Книга: Почерк Леонардо
Назад: 13
Дальше: 15

14

На четвертом курсе ее руководитель Лазурин по обмену уехал на Кубу – там открыли цирковое училище. И Анну с сольным номером на трапеции выпускала бедовая старушка Елена Павловна Красовицкая. В бурной молодости она была наездницей, потом работала трапецию. Так и осталась одинокой – ни мужа, ни детей. Жила с сестрой где-то в цирковом кооперативе на Усиевича.
В учительской она не выпускала папиросы из зубов – сигарет не признавала: в качестве фильтра вставляла в гильзу ваточку.
В то время Красовицкой было далеко за шестьдесят, но лонжу держала крепко, Анна совершенно доверяла ее рукам.
И выпускной номер Анны получился забавным, «репризным»: в матроске с юбочкой, в лихо заломленном берете, под музыку Дунаевского, худенькая и легкая, Анна подскакивала к висящему кор-де-парелю и рывками – ноги вытянуты уголком – на одних руках поднималась вверх по канату до самой трапеции, как юнга по веревочной лесенке. Поднималась быстро, с шиком – руки уже тогда были сильными, – подбрасывая тело в такт музыке.
Отстегнув наверху лонжу, бралась за гриф трапеции и – два-три сильных маха всем телом – резко отпускала руки, чтобы, ноги согнув и повернувшись на 180 градусов, уже вслепую поймать гриф икрами и оборваться вниз.

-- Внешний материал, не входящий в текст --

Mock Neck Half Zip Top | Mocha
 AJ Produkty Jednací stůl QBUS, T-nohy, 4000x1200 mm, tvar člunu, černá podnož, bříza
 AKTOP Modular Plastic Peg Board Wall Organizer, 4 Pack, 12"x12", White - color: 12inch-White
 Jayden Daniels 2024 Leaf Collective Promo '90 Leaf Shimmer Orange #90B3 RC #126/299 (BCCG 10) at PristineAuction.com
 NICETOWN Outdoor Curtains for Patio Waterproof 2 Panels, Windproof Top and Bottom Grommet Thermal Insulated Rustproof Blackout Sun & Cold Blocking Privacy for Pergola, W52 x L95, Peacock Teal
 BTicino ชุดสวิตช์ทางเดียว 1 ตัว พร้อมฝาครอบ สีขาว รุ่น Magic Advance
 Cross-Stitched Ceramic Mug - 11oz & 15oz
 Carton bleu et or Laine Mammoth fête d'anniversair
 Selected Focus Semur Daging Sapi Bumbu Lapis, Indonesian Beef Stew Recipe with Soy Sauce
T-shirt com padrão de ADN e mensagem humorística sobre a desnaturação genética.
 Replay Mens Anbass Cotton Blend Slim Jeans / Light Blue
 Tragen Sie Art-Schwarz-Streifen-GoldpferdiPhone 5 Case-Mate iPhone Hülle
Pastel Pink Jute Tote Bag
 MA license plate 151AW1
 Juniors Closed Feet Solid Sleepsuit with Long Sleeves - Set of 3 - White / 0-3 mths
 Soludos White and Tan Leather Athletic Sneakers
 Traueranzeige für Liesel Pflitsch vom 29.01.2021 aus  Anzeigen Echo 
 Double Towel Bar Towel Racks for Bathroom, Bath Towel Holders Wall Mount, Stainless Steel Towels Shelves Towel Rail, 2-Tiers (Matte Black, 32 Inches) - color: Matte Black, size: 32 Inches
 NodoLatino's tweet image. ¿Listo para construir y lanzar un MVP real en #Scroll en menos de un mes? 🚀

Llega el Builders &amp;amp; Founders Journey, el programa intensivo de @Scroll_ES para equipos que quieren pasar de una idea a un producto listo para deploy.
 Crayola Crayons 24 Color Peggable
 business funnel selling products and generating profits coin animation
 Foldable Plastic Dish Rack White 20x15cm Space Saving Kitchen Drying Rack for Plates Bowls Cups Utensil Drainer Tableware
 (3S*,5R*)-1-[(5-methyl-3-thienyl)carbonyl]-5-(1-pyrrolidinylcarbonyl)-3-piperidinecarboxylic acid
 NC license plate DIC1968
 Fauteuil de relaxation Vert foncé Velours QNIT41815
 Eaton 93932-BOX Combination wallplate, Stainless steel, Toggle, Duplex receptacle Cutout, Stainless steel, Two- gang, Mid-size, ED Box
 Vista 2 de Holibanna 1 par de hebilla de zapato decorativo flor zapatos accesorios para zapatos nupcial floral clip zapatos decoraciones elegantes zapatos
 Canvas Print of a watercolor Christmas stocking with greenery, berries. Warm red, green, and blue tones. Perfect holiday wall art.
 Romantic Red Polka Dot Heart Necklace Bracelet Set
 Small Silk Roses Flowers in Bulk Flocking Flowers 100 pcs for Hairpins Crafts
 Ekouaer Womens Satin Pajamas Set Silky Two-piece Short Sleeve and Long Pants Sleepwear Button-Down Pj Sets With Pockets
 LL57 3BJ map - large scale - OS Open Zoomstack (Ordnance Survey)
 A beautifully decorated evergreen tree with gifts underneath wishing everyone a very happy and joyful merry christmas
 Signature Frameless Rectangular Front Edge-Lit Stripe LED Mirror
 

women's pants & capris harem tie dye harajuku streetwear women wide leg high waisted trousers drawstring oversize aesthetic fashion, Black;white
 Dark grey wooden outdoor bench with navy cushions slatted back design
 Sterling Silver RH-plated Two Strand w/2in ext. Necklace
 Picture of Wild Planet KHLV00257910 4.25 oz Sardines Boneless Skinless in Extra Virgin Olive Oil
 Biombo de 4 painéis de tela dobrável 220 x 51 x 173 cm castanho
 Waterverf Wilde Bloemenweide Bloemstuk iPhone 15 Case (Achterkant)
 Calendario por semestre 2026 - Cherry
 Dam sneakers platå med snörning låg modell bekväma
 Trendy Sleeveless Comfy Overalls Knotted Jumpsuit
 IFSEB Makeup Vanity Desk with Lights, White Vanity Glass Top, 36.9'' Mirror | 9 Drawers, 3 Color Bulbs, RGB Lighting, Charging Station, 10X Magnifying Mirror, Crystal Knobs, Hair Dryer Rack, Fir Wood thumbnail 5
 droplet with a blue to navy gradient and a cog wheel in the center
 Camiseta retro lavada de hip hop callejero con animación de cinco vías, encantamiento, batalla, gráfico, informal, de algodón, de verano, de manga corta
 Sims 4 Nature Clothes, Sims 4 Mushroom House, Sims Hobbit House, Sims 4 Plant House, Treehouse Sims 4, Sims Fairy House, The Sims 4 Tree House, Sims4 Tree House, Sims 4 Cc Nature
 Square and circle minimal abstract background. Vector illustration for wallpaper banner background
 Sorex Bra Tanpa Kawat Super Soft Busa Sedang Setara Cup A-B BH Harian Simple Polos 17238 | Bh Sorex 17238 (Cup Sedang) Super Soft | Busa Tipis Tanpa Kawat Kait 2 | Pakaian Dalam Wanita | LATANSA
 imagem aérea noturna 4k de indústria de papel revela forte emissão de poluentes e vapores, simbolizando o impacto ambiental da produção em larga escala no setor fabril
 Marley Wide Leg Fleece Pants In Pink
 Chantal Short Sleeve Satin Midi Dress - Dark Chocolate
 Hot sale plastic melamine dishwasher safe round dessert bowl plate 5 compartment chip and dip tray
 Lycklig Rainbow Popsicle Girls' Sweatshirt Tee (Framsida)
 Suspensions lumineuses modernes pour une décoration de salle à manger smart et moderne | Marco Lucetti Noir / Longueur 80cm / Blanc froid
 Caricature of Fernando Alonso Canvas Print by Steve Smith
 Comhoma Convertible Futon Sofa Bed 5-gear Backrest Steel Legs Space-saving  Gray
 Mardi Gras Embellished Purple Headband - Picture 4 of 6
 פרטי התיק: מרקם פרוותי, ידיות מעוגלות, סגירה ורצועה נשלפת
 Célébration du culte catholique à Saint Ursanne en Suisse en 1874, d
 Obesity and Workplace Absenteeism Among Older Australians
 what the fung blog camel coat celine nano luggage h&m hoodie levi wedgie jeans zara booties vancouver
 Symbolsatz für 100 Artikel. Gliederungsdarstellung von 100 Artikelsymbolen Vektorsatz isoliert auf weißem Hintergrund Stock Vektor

Называлось это «пол-пируэта в пятки с виса». Она и заканчивала номер тем же полпируэтом и под задушевного Дунаевского уносилась с трапецией в длинный кач.
Оба они, и Анна, и Володька, сдали спецуху на «отлично». Теперь надо было уноситься в длинный кач по жизни, по циркам.
Невероятно юные, они жаждали настоящего манежа, холодящего риска, высоты, прожекторов, аплодисментов… Славы!
И были несколько растеряны.
* * *
После выпускных экзаменов Володьку взяли нижним акробатом в хороший выездной номер и немедленно услали в Пермь.
Анну же оформили в молодой коллектив «Цирк-Ревю» и посадили на «репетиционный период» в Измайлово. Там находилась репетиционная база. Называлась она громоздко и торжественно – «Всесоюзная дирекция по подготовке цирковых аттракционов и номеров». Предполагалось, что молодые артисты, оттачивая здесь свои номера, доводят мастерство до совершенства. Потекли одна за другой унылые недели… Времени на репетицию в манеже полагалось не густо – час в день. Да еще для экономии дирекция уплотняла график: совмещала несколько номеров.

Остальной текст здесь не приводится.